In the seven days, four hours, and 39 minutes I shared with Toyota’s latest GR Supra 2.0 last week, one overriding thought kept buzzing through my gray matter: Man, this would make a great convertible.
Sadly, as you can see from the funky photos, it’s not. It’s a fastback coupe. A two-seater with a lid. A hardtop.
Absolutely nothing wrong with that. Some of the world’s greatest sportscars are coupes. But since the dawn of time, we Americans, especially us Floridians, have had a love affair with soft tops.
And a huge part of having a convertible Supra would not only be the feeling of sun on your face and wind in your hair, but a more practical benefit. Like ease of getting in and out.
The Supra’s metal roof is so low, and the door sill so wide, that climbing inside is best left to yoga instructors or limbo dancers.
And don’t even think of extracting yourself from the hip-hugging driver’s seat with any modicum of elegance or dignity. Getting out is like extracting yourself from a crashed hang glider.
There’s another sizable negative about having that fixed roof: Visibility. From the driver’s seat, looking back over your shoulder when backing up—especially out a space between two XXL-sized trucks—is a challenge.
It’s what happens when you have roof pillars so wide, they come with their own zip code. In a convertible with its roof down? Not a problem.
OK, complaints over. Now let’s talk about what makes this little Supra a true, pedigree sports car and an absolute bundle of driving joy. Especially this new base model 2.0-liter I’ve been trying on for size.
It joins the original Supra 3.0 with its BMW-sourced, turbine-smooth in-line six. And like the 3.0, this 2.0-liter turbocharged four-cylinder uses a motor from the BMW line-up, in this case the X1.
For the uninitiated, back in 2019, Toyota and BMW joined forces on sportscar production to cut costs, with the Supra sharing its mechanical bits with BMW’s Z4 roadster.
Why a smaller-engined version now? Price appeal for starters. The Supra 2.0, at $43,500, costs $9,000 less than its bigger-engined brother. It’s also more economical at the pumps. I got over 30 mpg.
Of course, what you don’t get is the sublime power of that BMW six-cylinder, which packs a non-trivial 383-hp and muscley 368 lb-ft of torque. By comparison, the 2.0 is good for 255-hp and 295 lb-ft.
While the numbers don’t sound too thrilling, this turbocharged dynamo has the energy of a sugared-up two-year old. Off the line it can scoot from zero to 60 mph in around five seconds, with a top speed of 155 mph.
And performance is enhanced by a quick-shifting eight-speed automatic with paddle-shifters, the only gearbox offered with the Supra 2.0.
Oddly, Toyota just started offering a six-speed manual for the bigger-engined Supra, but has no plans to do the same for the 2.0. Strange.

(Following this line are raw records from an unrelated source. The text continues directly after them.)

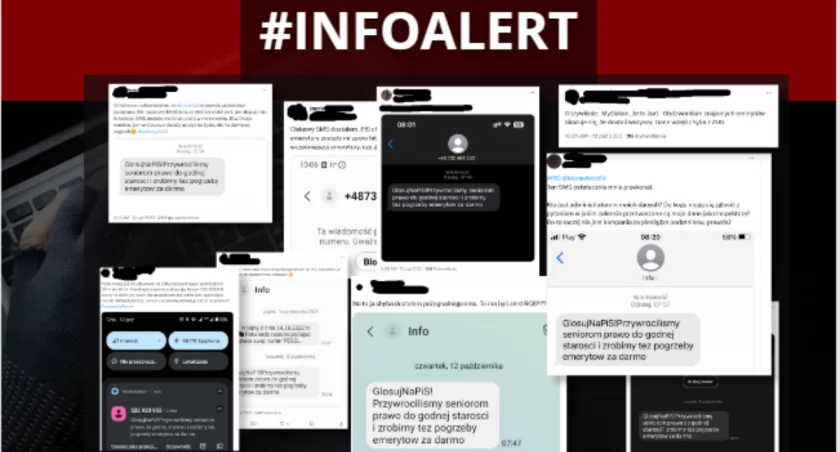 Uwaga na dezinformację w internecie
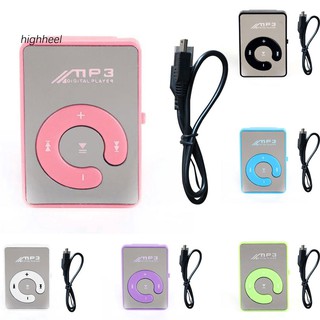 【พร้อมส่ง】เครื่องเล่นเพลง Mp3 การ์ด Micro TF ขนาดเล็ก รองรับพื้นผิวกระจก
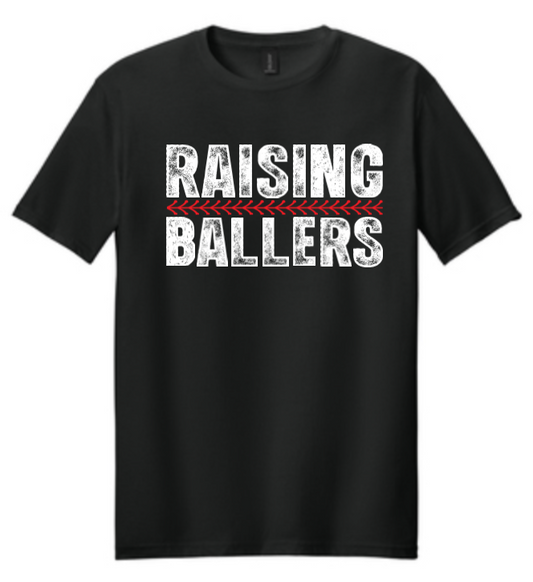RAISING BALLERS TEE image 1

That said, the combo of the turbo-four and eight-speed auto works so well. There’s plenty of low-speed muscle for swift passing, or sling-shot acceleration out of Interstate on-ramps. And, especially in Sport mode, there’s a symphony of snap, crackle, and pop from the exhaust.
Find yourself a nice, twisty backroad and the combo of laser-precise steering, grippy 18-inch rubber and brakes with more bite than a pit bull, deliver a grin-inducing thrill ride. It’s just a lot of fun.
Yes, the interior is tight, and the all-black cabin feels as gloomy as a Kentucky coal mine. But the seats are super-supportive and the driving position just about perfect. Manual seat adjustment in a $44,000 car? Oh well.
Yes, two-seat sports cars like the Supra, are a dying breed in these days of rocket ship electric Teslas and Mach-E Mustangs.
But for someone who loves the pure joy of driving, the feel of controlling a finely-tuned machine, the Supra 2.0 doesn’t disappoint. Even if it isn’t a convertible.